Key rates hold steady
The central bank held key interest rates steady as it struggles to foster growth amid high inflation, and took steps to curb currency speculation, lifting the rupee from lifetime lows yesterday. The Reserve Bank of India (RBI) kept the short-term lending rate, or repo rate, at 8.5 percent and the reverse repo rate — the rate it pays to banks for deposits, at 7.5 percent. The bank also kept the cash reserve ratio for commercial lenders unchanged at 6 percent. The bank’s 13 rate hikes since March last tear have kept it out of step with many other emerging economies, which have started to ease monetary policy as global growth slows. RBI Governor Duvvuri Subbarao declined to say when the bank would start lowering rates.
Citigroup exec to step down
Citigroup Inc’s head of Japan banking, Darren Buckley, will step down on Jan. 10 after the lender was punished by local regulators for the third time in seven years. The Japanese Financial Services Agency yesterday said it told the company to stop soliciting sales of products, including mutual funds and foreign-exchange deposits, to retail customers after it failed to fully explain their risk. Citigroup’s local securities unit and Swiss bank UBS AG were also ordered to suspend some derivatives transactions after staff of the firms attempted to influence interbank lending rates, the agency said in a statement.
Morgan Stanley to axe 1,600
Morgan Stanley will cut about 1,600 jobs across all levels of company, becoming the latest bank to slash payrolls against a backdrop of extreme volatility in financial markets. The cuts, which amount to 2.6 percent of the bank’s workforce, will be made in the first three months of next year, a spokesman for the New York-based investment bank said on Thursday. The bank had more than 62,000 employees as of the end of September. Spokesman Mark Lake said the cuts would occur globally and would include analyst, associate, vice president, executive director and managing director levels.

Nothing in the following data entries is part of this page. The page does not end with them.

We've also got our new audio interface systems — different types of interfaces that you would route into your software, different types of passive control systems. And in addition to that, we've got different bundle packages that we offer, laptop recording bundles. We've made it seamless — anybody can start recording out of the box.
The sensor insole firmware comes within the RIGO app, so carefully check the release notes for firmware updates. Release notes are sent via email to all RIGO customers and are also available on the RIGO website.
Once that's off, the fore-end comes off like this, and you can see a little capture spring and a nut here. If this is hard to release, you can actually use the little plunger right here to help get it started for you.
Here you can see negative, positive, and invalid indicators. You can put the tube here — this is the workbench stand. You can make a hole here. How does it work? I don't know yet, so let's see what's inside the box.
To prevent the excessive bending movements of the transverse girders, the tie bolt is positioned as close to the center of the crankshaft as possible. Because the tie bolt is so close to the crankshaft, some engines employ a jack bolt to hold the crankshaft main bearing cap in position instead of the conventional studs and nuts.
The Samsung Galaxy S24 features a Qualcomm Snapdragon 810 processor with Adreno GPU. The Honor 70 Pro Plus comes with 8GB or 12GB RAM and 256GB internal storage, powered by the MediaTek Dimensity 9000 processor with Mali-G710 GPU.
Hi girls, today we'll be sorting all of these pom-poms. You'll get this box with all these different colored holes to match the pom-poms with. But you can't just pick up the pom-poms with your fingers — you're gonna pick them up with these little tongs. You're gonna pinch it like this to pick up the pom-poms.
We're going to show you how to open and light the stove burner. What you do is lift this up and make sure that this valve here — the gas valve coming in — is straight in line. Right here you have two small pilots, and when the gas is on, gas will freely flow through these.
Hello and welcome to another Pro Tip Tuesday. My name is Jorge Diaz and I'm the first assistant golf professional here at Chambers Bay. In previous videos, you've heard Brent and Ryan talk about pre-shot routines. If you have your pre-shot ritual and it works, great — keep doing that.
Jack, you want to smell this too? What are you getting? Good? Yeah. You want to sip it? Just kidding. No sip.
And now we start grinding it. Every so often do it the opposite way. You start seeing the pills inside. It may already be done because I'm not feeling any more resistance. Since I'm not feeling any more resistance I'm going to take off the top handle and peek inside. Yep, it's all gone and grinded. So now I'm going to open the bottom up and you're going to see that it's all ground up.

Posco to build Brazil mill
South Korea’s Posco Engineering and Construction said yesterday it won a US$4.3 billion deal to build a steel mill in Brazil with an annual capacity of 3 million tonnes. It said it would sign a contract with Companhia Siderurgica do Pecem later in the global day for the integrated mill, which will be completed by 2015. Companhia Siderurgica do Pecem is a joint venture between Brazil’s Vale with a 50 percent stake, South Korea’s Dongkuk Steel Mill with 30 percent and Posco, which holds 20 percent. The mill’s slab production, a semi-finished steel product, will mostly be supplied to Dongkuk Steel Mill.
Victoria’s Secret vows probe
US lingerie maker Victoria’s Secret on Thursday vowed to investigate claims that some of its fair-trade underwear is produced using child labor. In a statement, Victoria’s Secret’s parent company said it was “very concerned” that fair-trade-certified cotton used in its panties could have been farmed using under-aged labor in Burkina Faso. The retailer — which became a household name thanks to its catalogue and the prominent use of models, such as Gisele Buendchen, Helena Christensen, Elle MacPherson and Claudia Schiffer — is a multibillion-dollar-a-year business.